-------- Data for the task
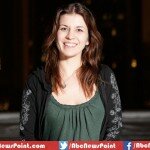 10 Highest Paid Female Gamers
----------------
-------- Data for the task
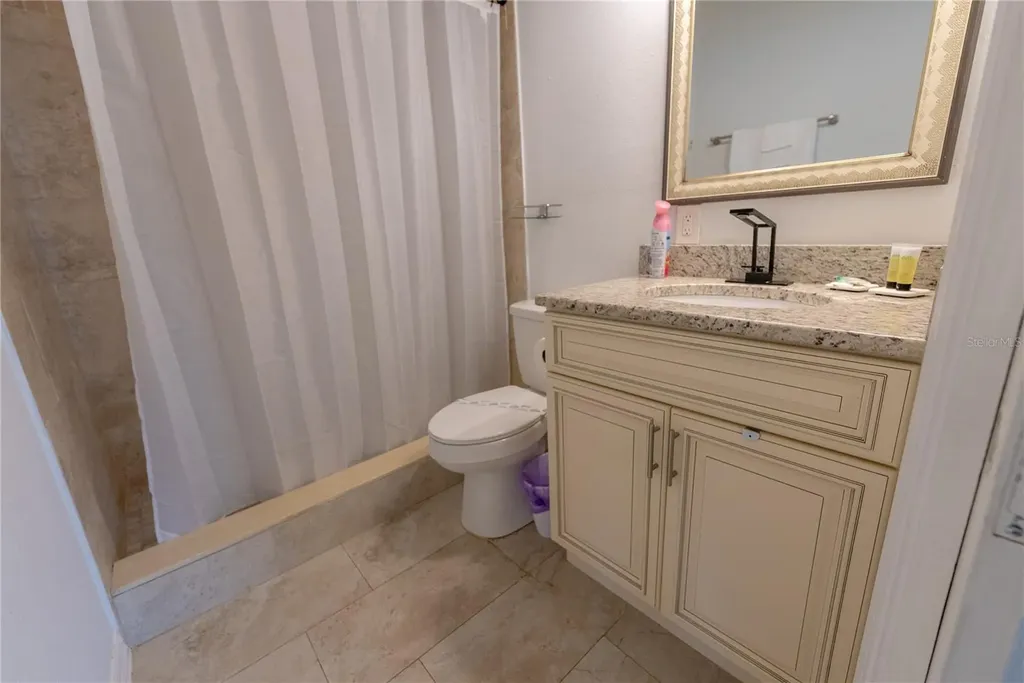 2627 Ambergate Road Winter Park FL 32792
----------------
-------- Data for the task
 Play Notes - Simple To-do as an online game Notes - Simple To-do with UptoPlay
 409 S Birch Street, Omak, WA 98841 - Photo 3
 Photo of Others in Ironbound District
----------------
__What is required__: Reproduce, exactly as they stand in the data above, the lines from the one that holds "Play Notes - Simple" to the one that holds "Photo of Others in Ironbound District", inclusive.

__Solution for this problem__:
 Play Notes - Simple To-do as an online game Notes - Simple To-do with UptoPlay
 409 S Birch Street, Omak, WA 98841 - Photo 3
 Photo of Others in Ironbound District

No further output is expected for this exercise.